• [Activity] Pictures stay out; print the rest of the listing below exactly as it stands.

(Supplied information)

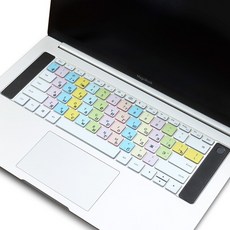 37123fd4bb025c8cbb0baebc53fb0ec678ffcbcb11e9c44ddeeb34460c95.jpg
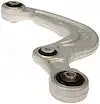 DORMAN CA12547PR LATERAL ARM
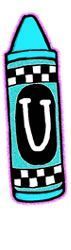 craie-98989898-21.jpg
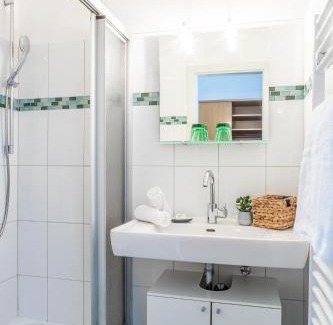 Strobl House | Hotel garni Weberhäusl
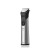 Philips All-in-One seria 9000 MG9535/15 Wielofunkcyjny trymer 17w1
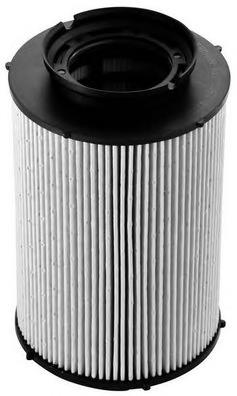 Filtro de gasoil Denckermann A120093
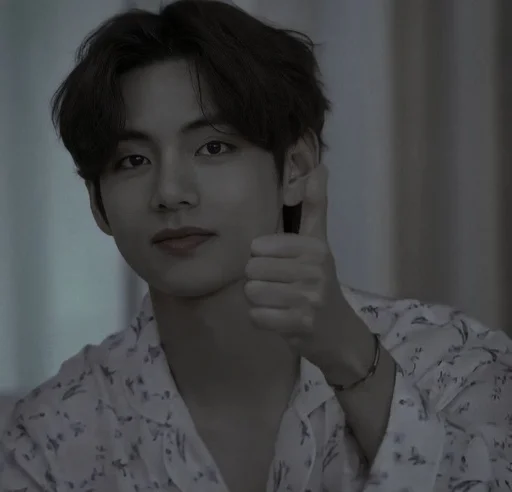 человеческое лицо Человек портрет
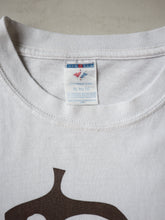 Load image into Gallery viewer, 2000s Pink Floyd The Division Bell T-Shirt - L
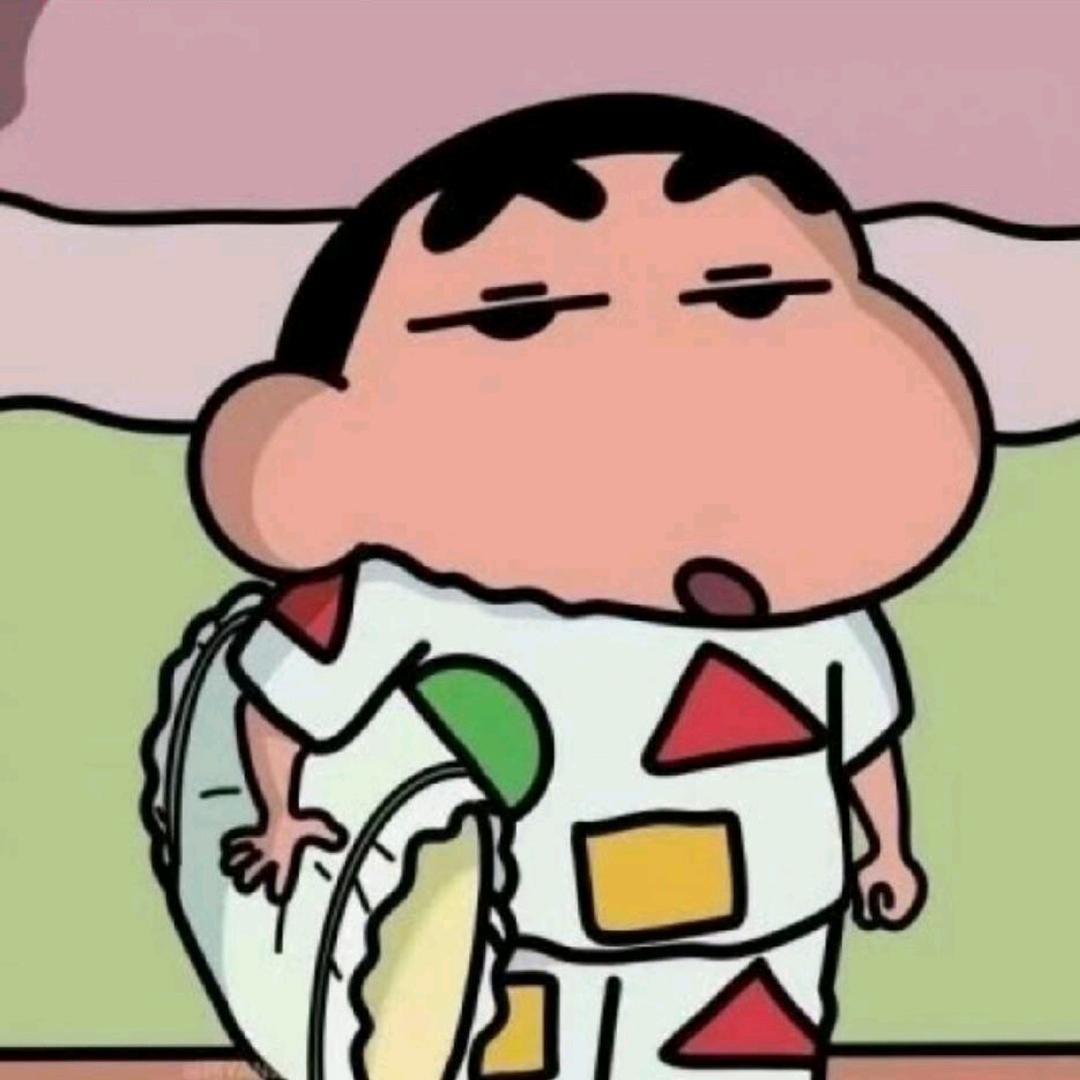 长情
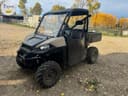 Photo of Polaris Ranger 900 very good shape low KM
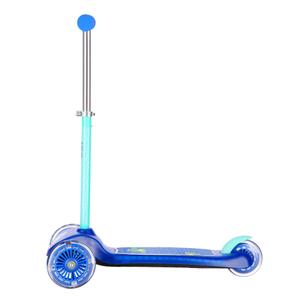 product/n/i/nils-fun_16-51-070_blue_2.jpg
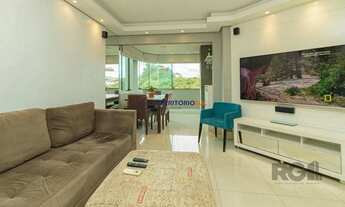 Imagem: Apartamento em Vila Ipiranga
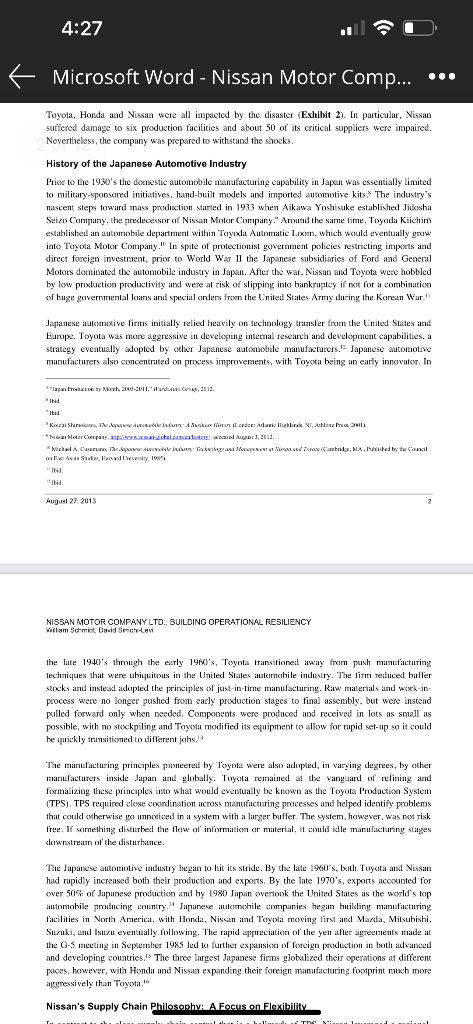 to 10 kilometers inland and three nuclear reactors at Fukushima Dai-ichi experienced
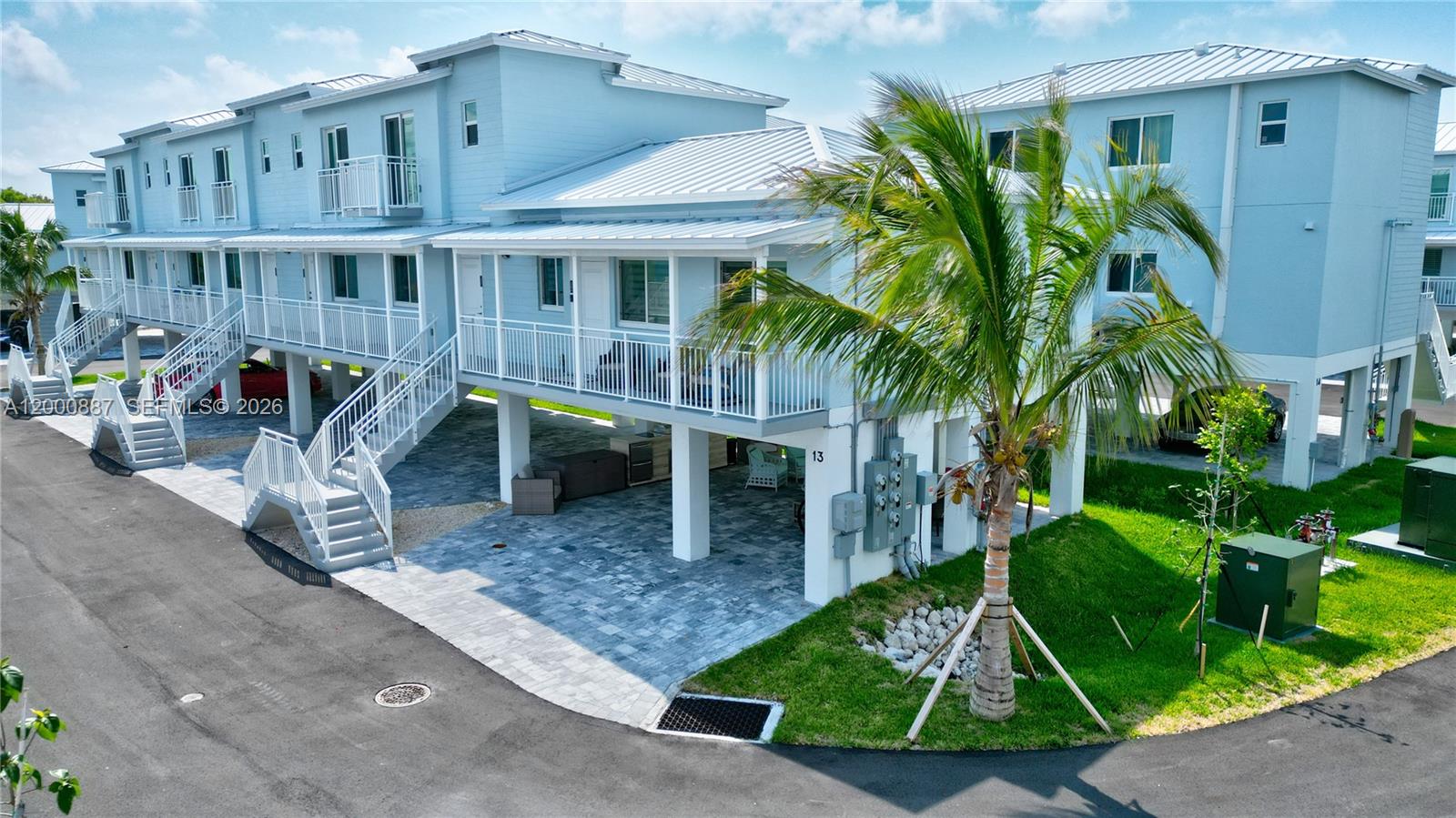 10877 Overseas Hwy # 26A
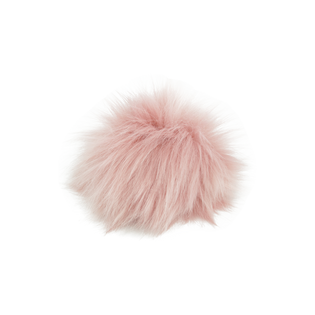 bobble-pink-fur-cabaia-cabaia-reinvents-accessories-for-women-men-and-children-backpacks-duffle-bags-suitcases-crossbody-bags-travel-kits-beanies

(End Supplied information)

• [Your solution]
 37123fd4bb025c8cbb0baebc53fb0ec678ffcbcb11e9c44ddeeb34460c95.jpg
 DORMAN CA12547PR LATERAL ARM
 craie-98989898-21.jpg
 Strobl House | Hotel garni Weberhäusl
 Philips All-in-One seria 9000 MG9535/15 Wielofunkcyjny trymer 17w1
 Filtro de gasoil Denckermann A120093
 человеческое лицо Человек портрет
 Load image into Gallery viewer, 2000s Pink Floyd The Division Bell T-Shirt - L
 长情
 Photo of Polaris Ranger 900 very good shape low KM
 product/n/i/nils-fun_16-51-070_blue_2.jpg
 Imagem: Apartamento em Vila Ipiranga
 to 10 kilometers inland and three nuclear reactors at Fukushima Dai-ichi experienced
 10877 Overseas Hwy # 26A
 bobble-pink-fur-cabaia-cabaia-reinvents-accessories-for-women-men-and-children-backpacks-duffle-bags-suitcases-crossbody-bags-travel-kits-beanies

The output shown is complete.